In 1996, the zone was awarded its own independent appellation — Chianti Classico DOCG — and, for the first time, the controlling consorzio allowed wines to be made with 100 percent Sangiovese (by law, Chianti Classico requires a minimum 80 percent Sangiovese with a maximum 20 percent Canaiolo, Colorino, Merlot and Cabernet Sauvignon).

In 2006, white grapes were banned from the blend — ending a varietal mix traced back to the Middle Ages.

It’s fair to say that modern Chianti Classico wines, which differ in style and substance from those made in the broader Chianti region, are some of Italy’s most distinctive offerings. Annually, more than 100 million bottles of Chianti Classico are produced.

Quite simply, today’s Chianti Classico is not your father’s bottle sold in a straw basket.

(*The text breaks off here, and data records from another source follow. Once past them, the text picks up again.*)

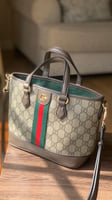 GUCCI قوتشي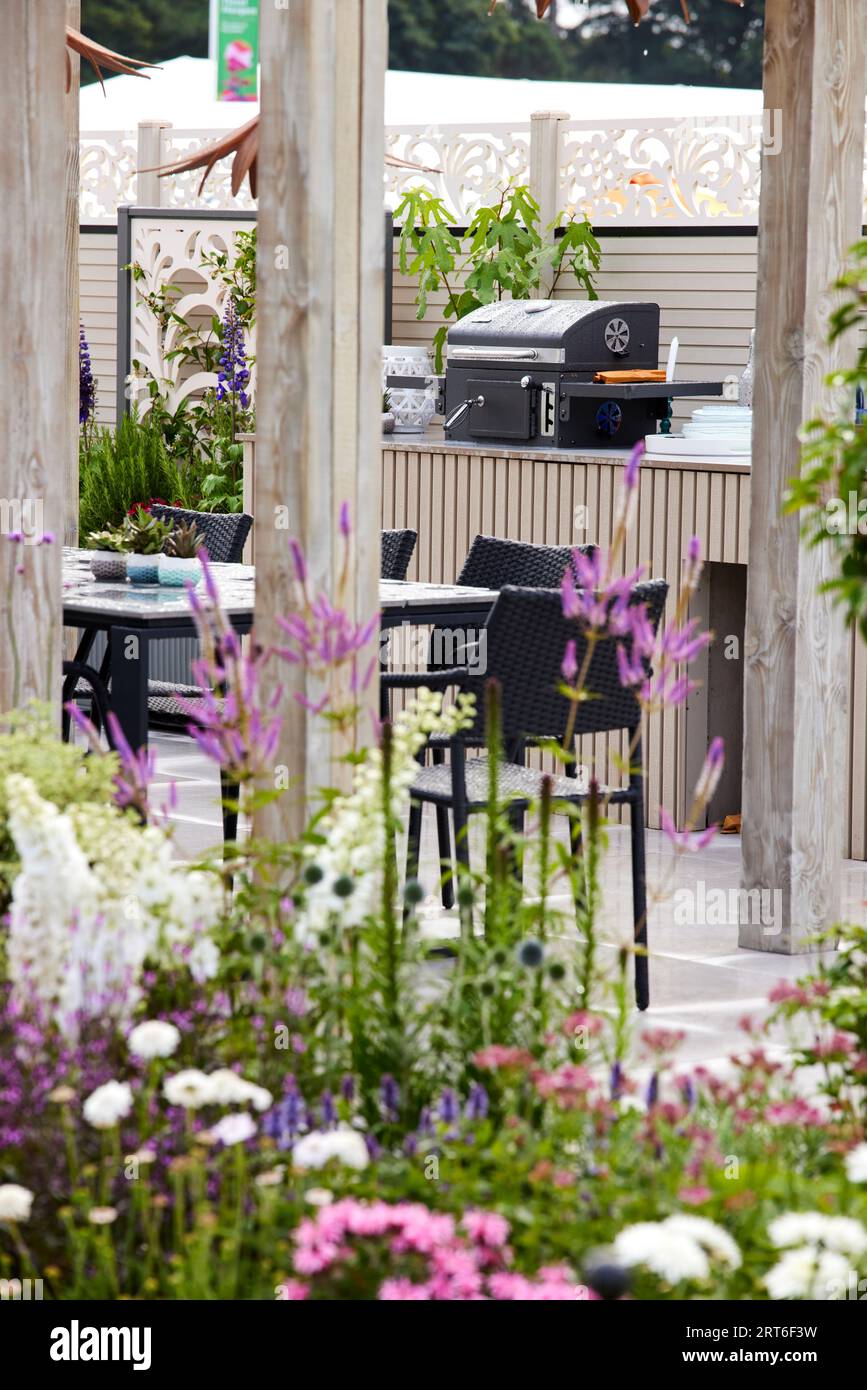 una cucina da giardino ad uno spettacolo di fiori Foto Stock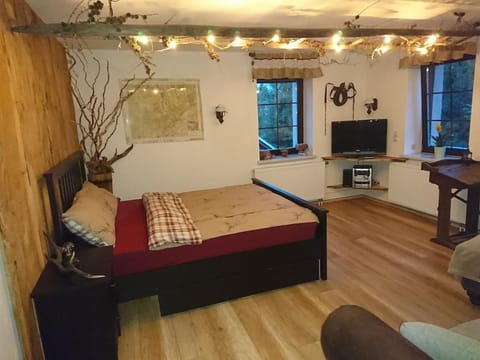 Living room, Bedroom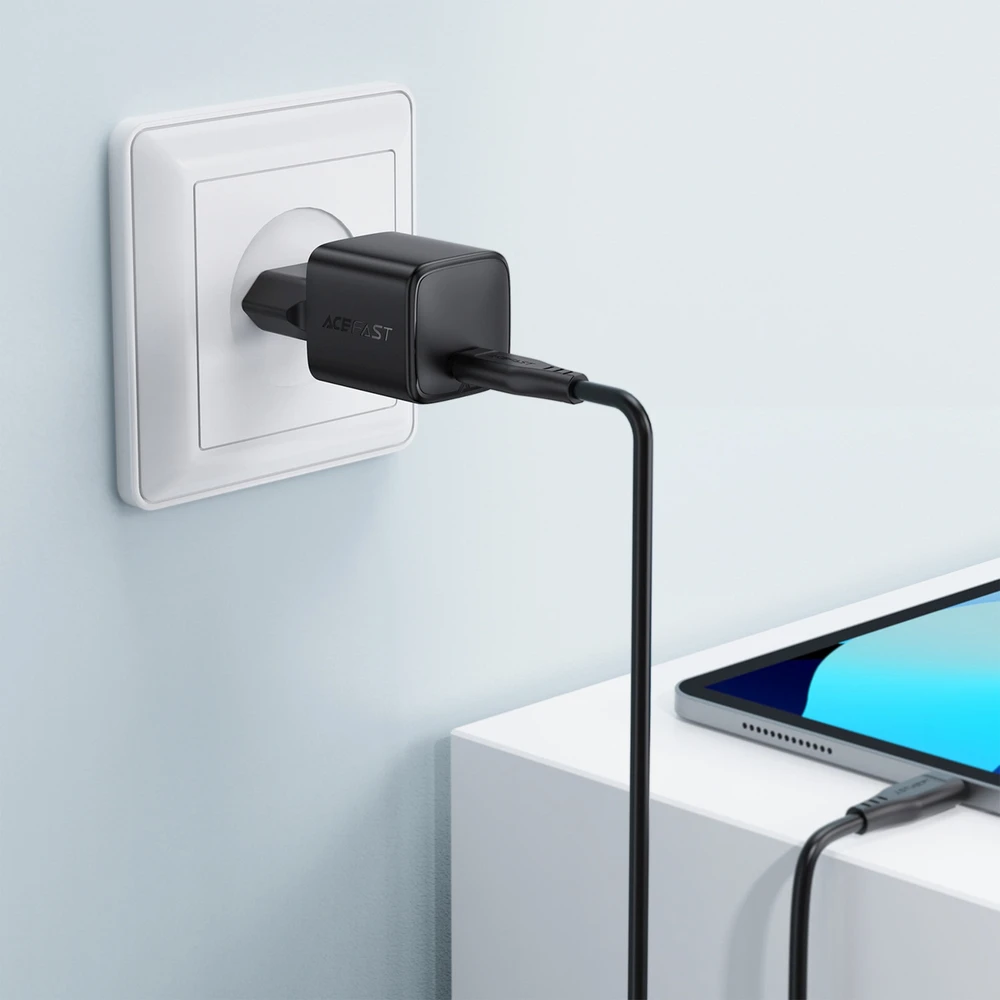 Acefast A118 GaN PD 30W USB-C sieninis įkroviklis - Juodas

Here are four recommendations for your tasting pleasure.

  • Santa Margherita Chianti Classico Riserva 2014, $23: “Riserva” on the label means stricter production standards. By law, Chianti Classico Riserva must be aged 24 months, including three months in bottle, with a minimum 12.5 percent alcohol level. The Santa Margherita blend is 85 percent Sangiovese (15 percent Cabernet Sauvignon and Merlot fills out the blend). It is a complex, fuller version of Chianti Classico. I loved this wine. Everything was harmonious — bright acidity, smooth texture, sweet tannins. The Sangiovese was regal in rich plum and cherry flavors. The dry finish brought on lingering mint and herbal expressions. You can drink this all year-round with steak and other grilled meats or enjoy with a simple antipasto.
  • Lamole di Lamole Chianti Classico 2014, $18: Lamole is a hamlet of Greve, one of Chianti Classico’s four communes (of nine) that are located completely in the historic wine-growing area. This is sacred ground, where hillside vineyards reside on soils of galestro (flakey rocks) and alberese (marl). This is a younger, more approachable version of Chianti Classico. Blue label Lamole is aged 12 months in oak, the last six in French oak barriques. It’s very aromatic and fruit-forward fresh on the palate. It represents a classy staple for any Chianti Classico lover.
  • Castello di Albola Chianti Classico 2014, $19: Castello di Albola is located in Radda, another commune completely located in the Chianti Classico wine-growing area. Radda falls smack in the heart of the historic zone and boasts of the highest elevations. The blend is 95 percent Sangiovese and 5 percent Canaiolo, giving Albola more concentrated sour cherry flavors. The mouthfeel is elegant and the finish spicy and pleasurable. It’s a keeper from this truly wonderful vintage.

  • Castello di Albola Chianti Classico 2013 Gran Selezione, $60: Don’t let the price get in the way of what is the capo di tutti capi of Chianti Classico DOCG. Gran Selezione sits at the top the three-tiered quality pyramid (“Riserva” is No. 2 followed by Chianti Classico annata). Wines are made from the best estate grown grapes and often from single vineyards. Most are 100 percent Sangiovese. They must be aged at least 30 months. To obtain the Gran Selezione designation, the wines must be subjected to laboratory analysis and tasting commission approval. (That’s my dream job!) Albola Gran Selezione is smothered in finesse from sight (deep garnet color) to sip (sour cherry, savory) to swallow (velvety smooth, dry). It’ll get better over the next 5-10 years, but this one is reaching its peak now. If you can buy this on sale (New Hampshire Liquor Outlets are offering 15 percent off on a mixed case of Italian wines through the end of May), it’s worth getting a bottle for a special occasion.